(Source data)
__________

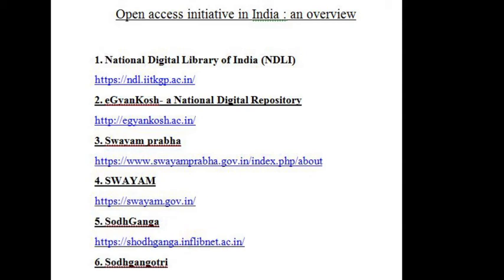5. The next one is Shodhganga. Shodhganga is a digital repository for Indian theses and dissertations. It was launched in 2016. The UGC notification — Minimum Standards and Procedure for the Award of M.Phil. and Ph.D. Degrees Regulation 2016, dated 5th May 2016 — mandates submission of the electronic version of theses and dissertations by researchers in universities.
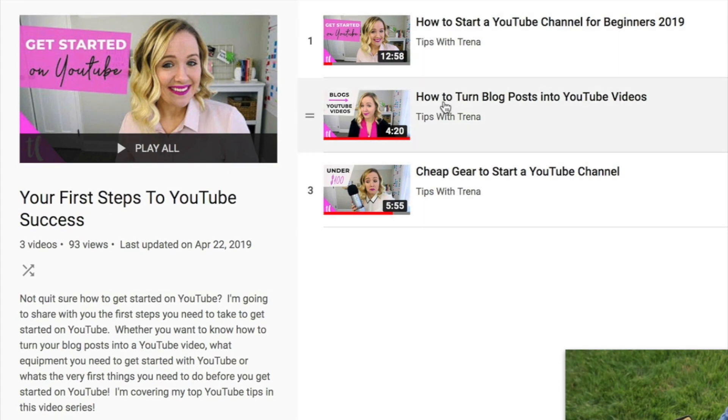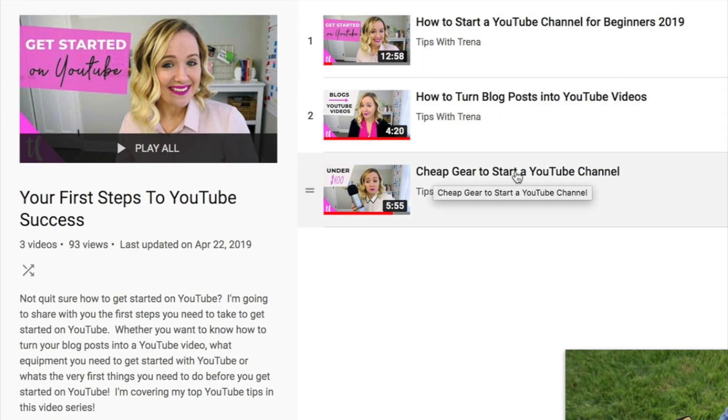Also, those videos need to stand alone as well. So whether that playlist is found in search or suggested, or each video is found individually, it makes sense for that viewer to pop in wherever they find that video.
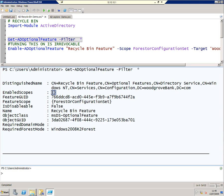The thing to notice here is that the enabled scopes is empty, which means that the Recycle Bin has not been turned on for anything yet. Another important thing to notice is that you cannot disable the Recycle Bin, as this property shows. So once you've turned it on, it's on forever.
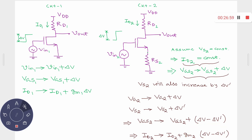This particular circuit degenerates or desensitizes the change in current corresponding to an input fluctuation. For circuit one, the gain numerator is −Gm·Rd, denominator is 1. For circuit two, the numerator is the same −Gm·Rd, but the denominator is 1 + GmRs, so the gain is reduced. More stable, but reduced gain.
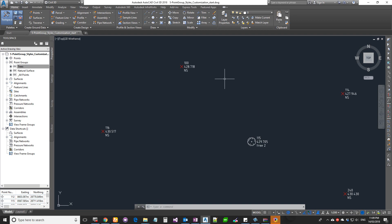In this lesson we're going to see how to customize the point marker and label style. Just download the file which is 'five point group style customization start' from the description box and then get moving from there.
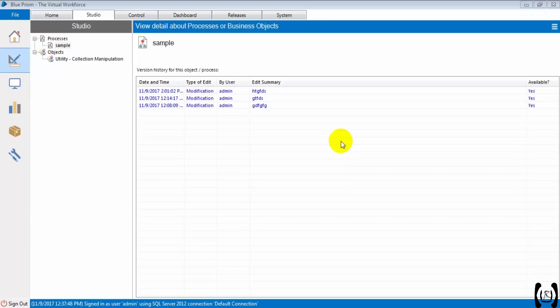Hi friends, today we are going to discuss how to filter collections.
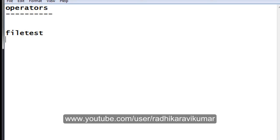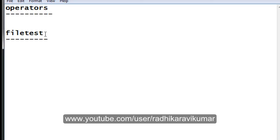Hello friends, Radhika Ravikuma here. We'll see the last operator, that is the file test operator. In the previous tutorial I've already discussed all kinds of operators like relational, boolean, string, and all. Here we are with the final one — the file test operator — which is mainly used to check what kind of file it is: whether it's a block file, character file, ordinary file, or a directory.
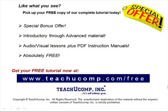Like what you see? Pick up your free copy of the complete tutorial at www.teachucomp.com/free.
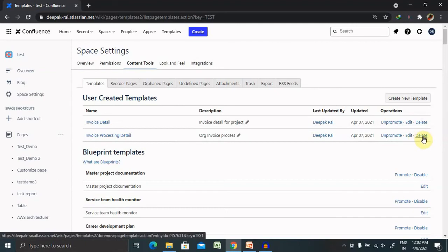You can also include variables inside a template. Template variables act as form fields when you create a page based on a template — you'll see a text entry box for each field, enter data, and it will be added to the page. You can add the same variable more than once in the same template, which is useful if you need the same information in more than one place on the page.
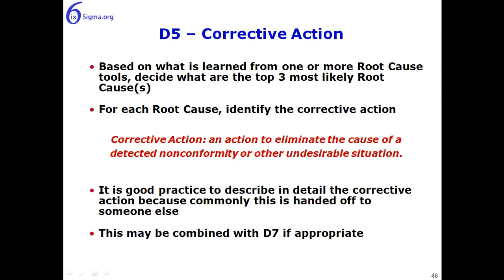Let's continue now in our 8D series with D5, corrective action. Based on what we learned from one or more of the root cause tools, we'll decide on what the top three most likely root causes are.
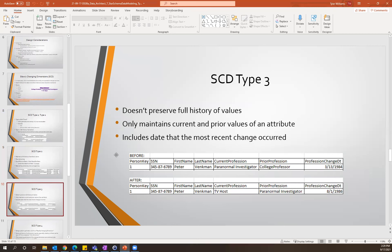The next type is SCD type three. Unlike type two, it doesn't preserve a full history — all we care about is the current value and the prior value. Going from college professor to paranormal investigator to TV host: as soon as the profession changes, the current profession gets written into the prior profession column, the new current profession gets written into the current profession column, and we update the date change with the date on which this change occurred.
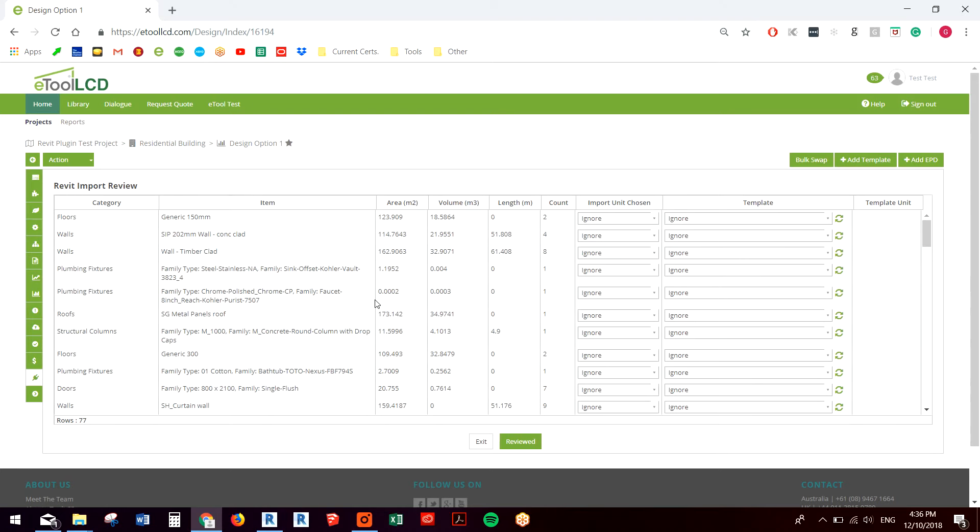Note that the way eTool LCD works is different to most other LCA plugins for BIM tools, in that it's matching components with eTool templates rather than trying to match materials with materials.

__________

▸ What is needed: Make a word-for-word copy of the entries, without any pictures.

▸ Output for this exercise:
5. The next one is Shodhganga. Shodhganga is a digital repository for Indian theses and dissertations. It was launched in 2016. The UGC notification — Minimum Standards and Procedure for the Award of M.Phil. and Ph.D. Degrees Regulation 2016, dated 5th May 2016 — mandates submission of the electronic version of theses and dissertations by researchers in universities.
Also, those videos need to stand alone as well. So whether that playlist is found in search or suggested, or each video is found individually, it makes sense for that viewer to pop in wherever they find that video.
The thing to notice here is that the enabled scopes is empty, which means that the Recycle Bin has not been turned on for anything yet. Another important thing to notice is that you cannot disable the Recycle Bin, as this property shows. So once you've turned it on, it's on forever.
This particular circuit degenerates or desensitizes the change in current corresponding to an input fluctuation. For circuit one, the gain numerator is −Gm·Rd, denominator is 1. For circuit two, the numerator is the same −Gm·Rd, but the denominator is 1 + GmRs, so the gain is reduced. More stable, but reduced gain.
In this lesson we're going to see how to customize the point marker and label style. Just download the file which is 'five point group style customization start' from the description box and then get moving from there.
Hi friends, today we are going to discuss how to filter collections.
Hello friends, Radhika Ravikuma here. We'll see the last operator, that is the file test operator. In the previous tutorial I've already discussed all kinds of operators like relational, boolean, string, and all. Here we are with the final one — the file test operator — which is mainly used to check what kind of file it is: whether it's a block file, character file, ordinary file, or a directory.
Like what you see? Pick up your free copy of the complete tutorial at www.teachucomp.com/free.
You can also include variables inside a template. Template variables act as form fields when you create a page based on a template — you'll see a text entry box for each field, enter data, and it will be added to the page. You can add the same variable more than once in the same template, which is useful if you need the same information in more than one place on the page.
Let's continue now in our 8D series with D5, corrective action. Based on what we learned from one or more of the root cause tools, we'll decide on what the top three most likely root causes are.
The next type is SCD type three. Unlike type two, it doesn't preserve a full history — all we care about is the current value and the prior value. Going from college professor to paranormal investigator to TV host: as soon as the profession changes, the current profession gets written into the prior profession column, the new current profession gets written into the current profession column, and we update the date change with the date on which this change occurred.
Note that the way eTool LCD works is different to most other LCA plugins for BIM tools, in that it's matching components with eTool templates rather than trying to match materials with materials.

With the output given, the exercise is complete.